Pourquoi cette délectation saisonnière pour les meurtres ? Relire Agatha Christie à la lumière de l’étude de Denis Duclos : Le complexe du loup-garou. La fascination de la violence dans la culture américaine (1994) peut être éclairant.
Deux grandes idées ressortent de sa thèse : la fascination pour la violence n’est pas seulement liée à l’histoire de la conquête des vastes espaces amérindiens, et au vertige qui naît de la toute-puissance actuelle des Etats-Unis ; elle vient du fonds mythologique des peuples nordiques et anglo-saxons, constamment réactivé aux EU par les thrillers et les films s’inspirant des personnages de serial killers et de leurs carrières.
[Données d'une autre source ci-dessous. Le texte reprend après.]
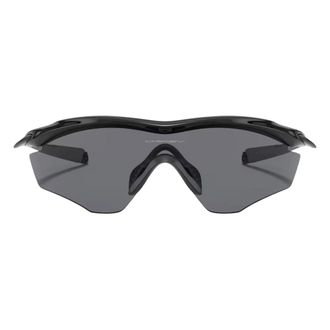 Oakley M2 Frame XL - Heren - Accessoires - Zwart - Maat: ONE Size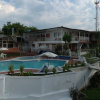 Отель Ecohotel Villadiana, фото 13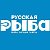 Журнал "Русская рыба"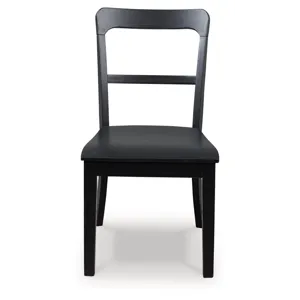 Greddinton Dining Chair (Set of 2)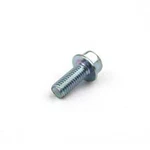 Mazda Genuine Oem Crank Harmonic Balancer Bolts Miata 91-05 JF01-11-405A. Fixed Price $36.63.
Pourquoi cette obsession dans la culture étasunienne ? C’est que le tueur en série, magnifié par les médias, représente pour les citoyens pacifiques un danger qui légitime l’emploi d’une violence légale tout aussi virulente que la sienne, et que cette violence légale est nécessaire pour protéger un système d’inégalités autrement difficilement acceptable.
Le crime de Halloween permet d’ailleurs de mesurer l’américanisation de l’Europe : d’abord traduit sous le titre La fête du potiron (1971), il prend son titre actuel en 1999, une fois que les coutumes liées à Halloween ont été suffisamment popularisées en Europe de l’Ouest. Le roman présente donc un florilège d’éléments mythologiques et folkloriques nordiques. Le prénom même du personnage principal, Rowena Drake, nous plonge dans l’ambiance macabre des histoires de mortes-vivantes d’Edgar Poe (Ligeia ressuscitant sous la forme de Lady Rowena dans la nouvelle Ligeia). Rowena Drake, avec ses pommes mortelles, est une sorcière qui attire les enfants dans sa maison pleine de friandises. Son partenaire, Michael, projette de célébrer un sacrifice rituel sur un site mégalithique, au moment où les rayons du soleil éclairent une double hache gravée sur la pierre. D’autre part, il a créé un jardin merveilleux, une sorte de jardin des dieux (Asgard dans la mythologie), qui se révèle comme un maléfique lieu de mort (comme Asgard est gardé par des guerriers morts).
Mais tout cela est dominé par les coutumes de Halloween, centrées sur le rôle ambivalent des enfants : à la fois représentants des morts agressifs, qui réclament des offrandes pour ne pas s’en prendre aux vivants (« treat or trick »), objets de peur, et victimes désignées du déchaînement satanique de cette période (deux d’entre eux mourront). Agatha Christie aime évoquer des cas d’enfants meurtriers, mais ici elle se surpasse : « De nos jours, il n’était pas rare de voir de jeunes enfants, de très jeunes enfants, de 7 ou 9 ans, commettre des crimes », ou encore : « J’ai connu une petite fille, un jour. A 7 ans, elle avait tué son petit frère et sa petite sœur. Des jumeaux de cinq ou six mois, pas plus. Elle les avait étouffés dans leur landau. »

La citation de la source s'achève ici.